Welcome back to the Sunday Mass notes for 7-19-2015. This week we open with a message from Jeremiah regarding the ungodly rulers of Judah which includes a message of restoration under a future ruler sent by God whom we know as Jesus Christ. Then we look at how Jesus removed the wall of separation between God and the Gentiles through faith in Jesus Christ. We conclude with the Gospel lesson from Mark in which Jesus’ apostles rest period is interrupted by the incessant needs of the people.
Introduction to the First Reading:
The first reading is from the Prophet Jeremiah. The context is Jeremiah’s proclamation of condemnation of the civil rulers, since later in verse 9 (after today’s reading) he condemns the prophets (Jeremiah 23:9). This section is the prophet’s condemnation of the last five kings of Judah. Included in the gloom is a message of hope and restoration especially that of the reign of ruler called the “righteous Branch.”
Jeremiah 23:1-6 NAS95 1 “Woe to the shepherds who are destroying and scattering the sheep of My pasture!” declares the LORD. 2 Therefore thus says the LORD God of Israel concerning the shepherds who are tending My people: “You have scattered My flock and driven them away, and have not attended to them; behold, I am about to attend to you for the evil of your deeds,” declares the LORD. 3 “Then I Myself will gather the remnant of My flock out of all the countries where I have driven them and bring them back to their pasture, and they will be fruitful and multiply. 4 I will also raise up shepherds over them and they will tend them; and they will not be afraid any longer, nor be terrified, nor will any be missing,” declares the LORD. 5 “Behold, the days are coming,” declares the LORD, “When I will raise up for David a righteous Branch; And He will reign as king and act wisely And do justice and righteousness in the land. 6 In His days Judah will be saved, And Israel will dwell securely; And this is His name by which He will be called, ‘The LORD our righteousness.’”
The rulers of Judah during this time were exceedingly evil, and God blamed them for the ultimate scattering of the tribe to Babylon which happened during the destruction of Jerusalem and the temple in 586 BC. God then promises to rebuild the fallen nation by regathering them under the rulership of “David a righteous Branch” (v. 5). This prophecy points clearly to the future reign of Jesus Christ on earth after His return.

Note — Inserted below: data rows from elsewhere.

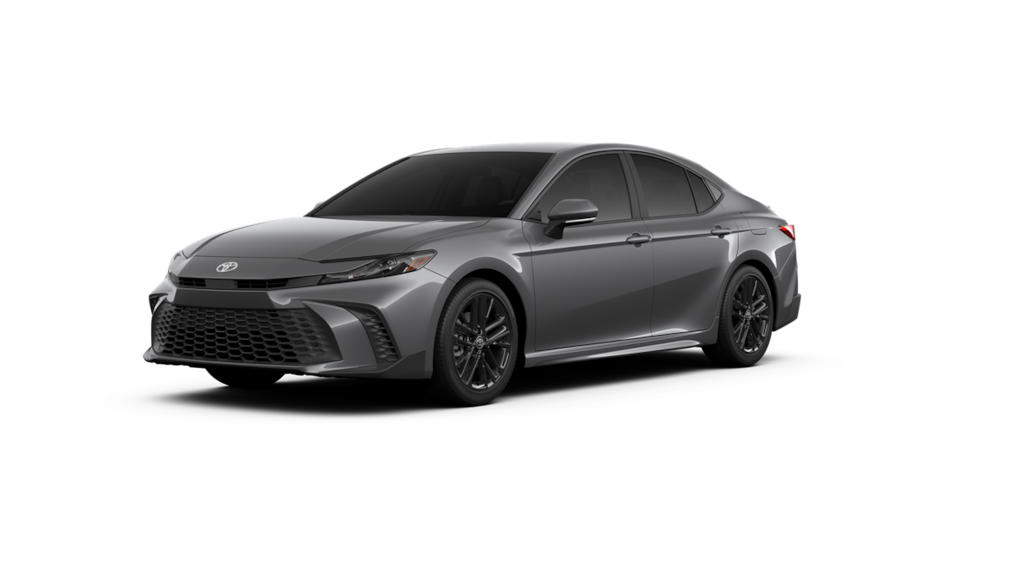 New 2026 Toyota Camry SE Sedan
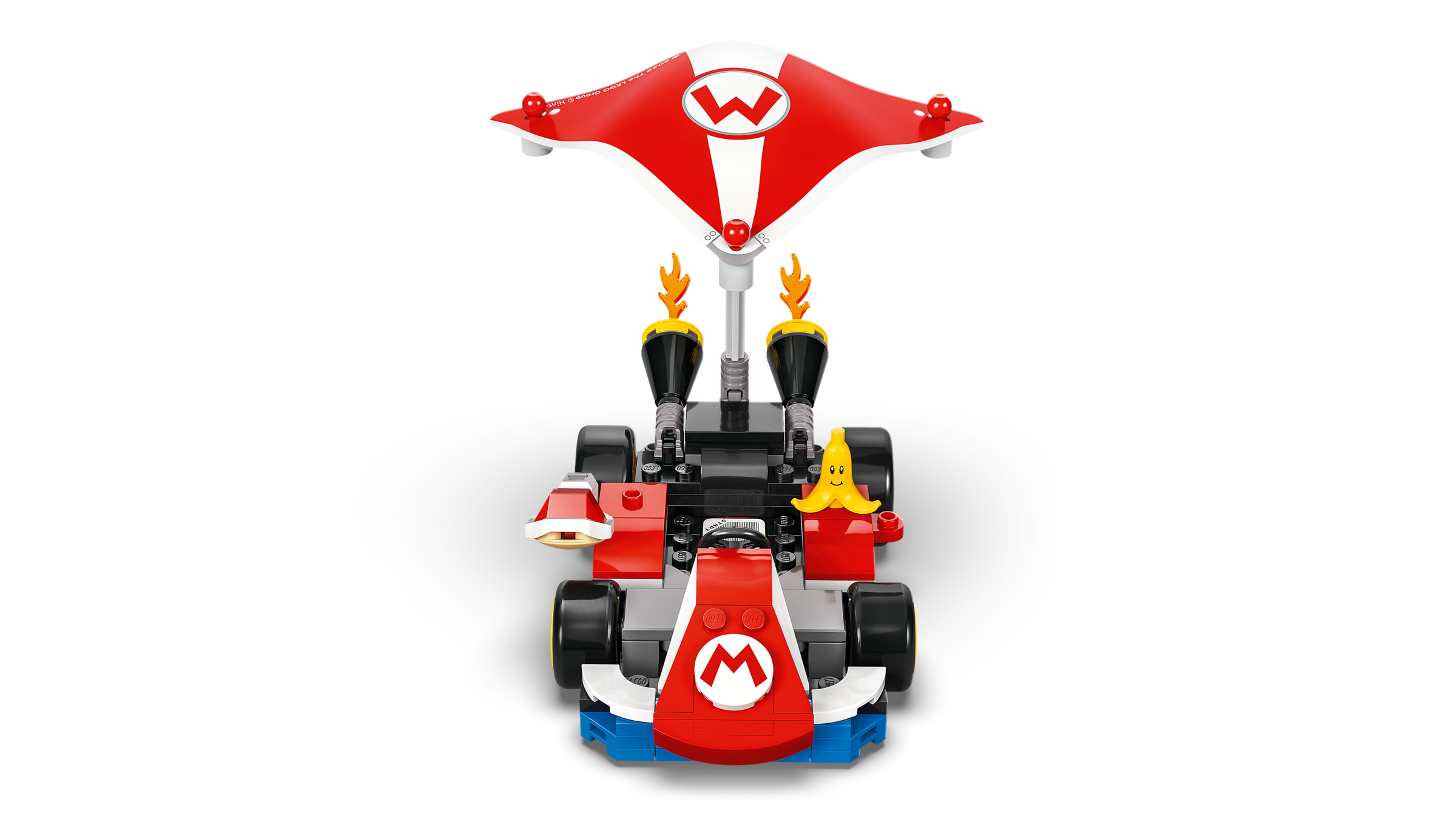 Lego Mario Kart  Standard Kart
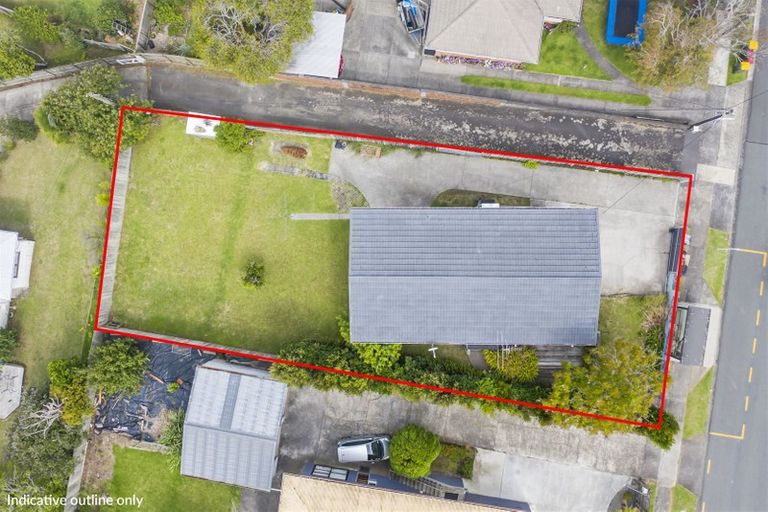 Photo of property in 53 Sunnynook Road, Forrest Hill, Auckland, 0620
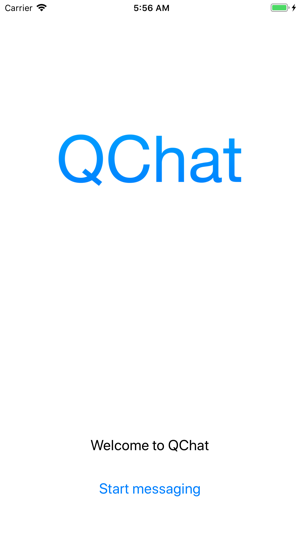 QChat Messenger(圖1)-速報App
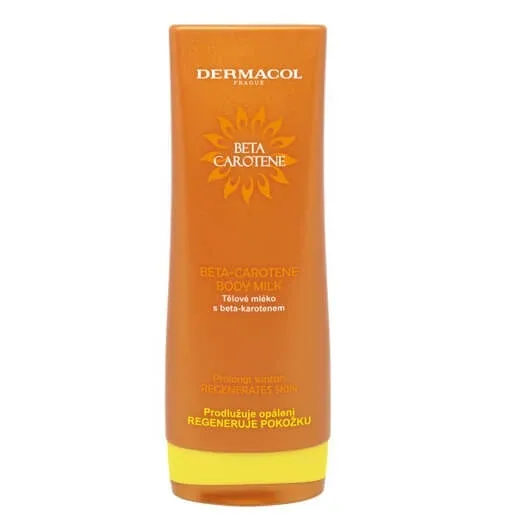 Dermacol Loțiune de corp pentru fixarea bronzului, 200 ml — preț și oferte
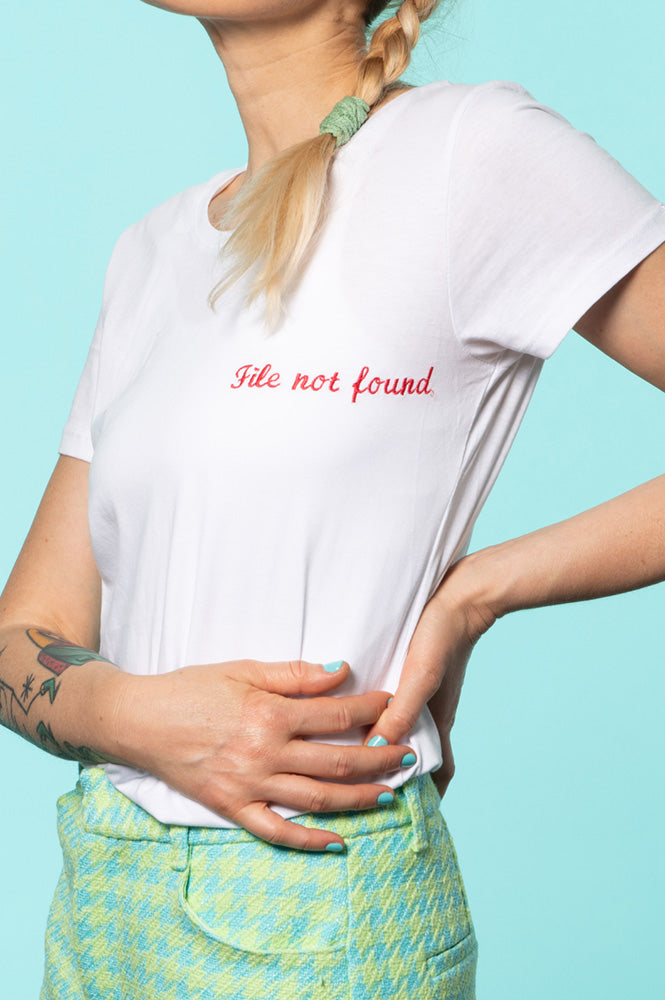 FILE NOT FOUND – SALE (M)
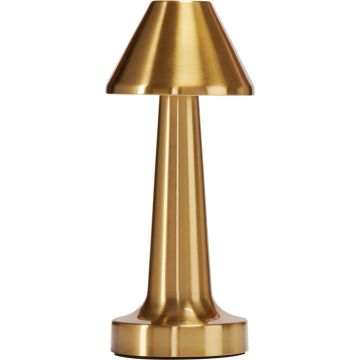 Step Into Design TAVOLO ST-8127T/B GOLD Stolna svjetiljka 1x3W/LED IP20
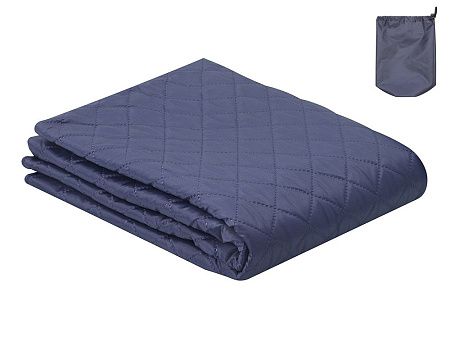 Плед-пончо 2-в-1 «Cappy» с капюшоном и мешком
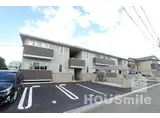 JR徳島線 鮎喰駅 徒歩7分 2階建 築3年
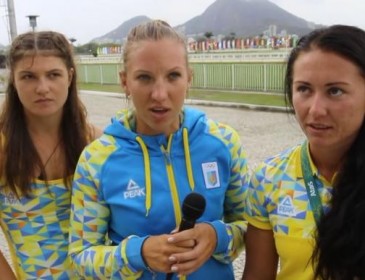 Українські спортсмени звинуватили міністра спорту в програші на Олімпіаді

Jesus will “reign as a king and act wisely and do justice and righteousness in the land” and be called by the name “The LORD our righteousness.” One day the Nation of Israel will be restored under the righteous rulership of Jesus Christ. Israel will awaken to the identity of the Ruler whom they rejected. Zechariah said it this way: “I will pour out on the house of David and on the inhabitants of Jerusalem, the Spirit of grace and of supplication, so that they will look on Me whom they have pierced; and they will mourn for Him, as one mourns for an only son, and they will weep bitterly over Him like the bitter weeping over a firstborn” (Zechariah 12:10).
Introduction to the Second Reading:
The second reading is from Saint Paul’s Letter to the Ephesians. The context is Paul’s message of hope to the Gentiles who were formerly “separate from Christ, excluded from the commonwealth of Israel, and strangers to the covenants of promise, having no hope and without God in the world” (Ephesians 2:12).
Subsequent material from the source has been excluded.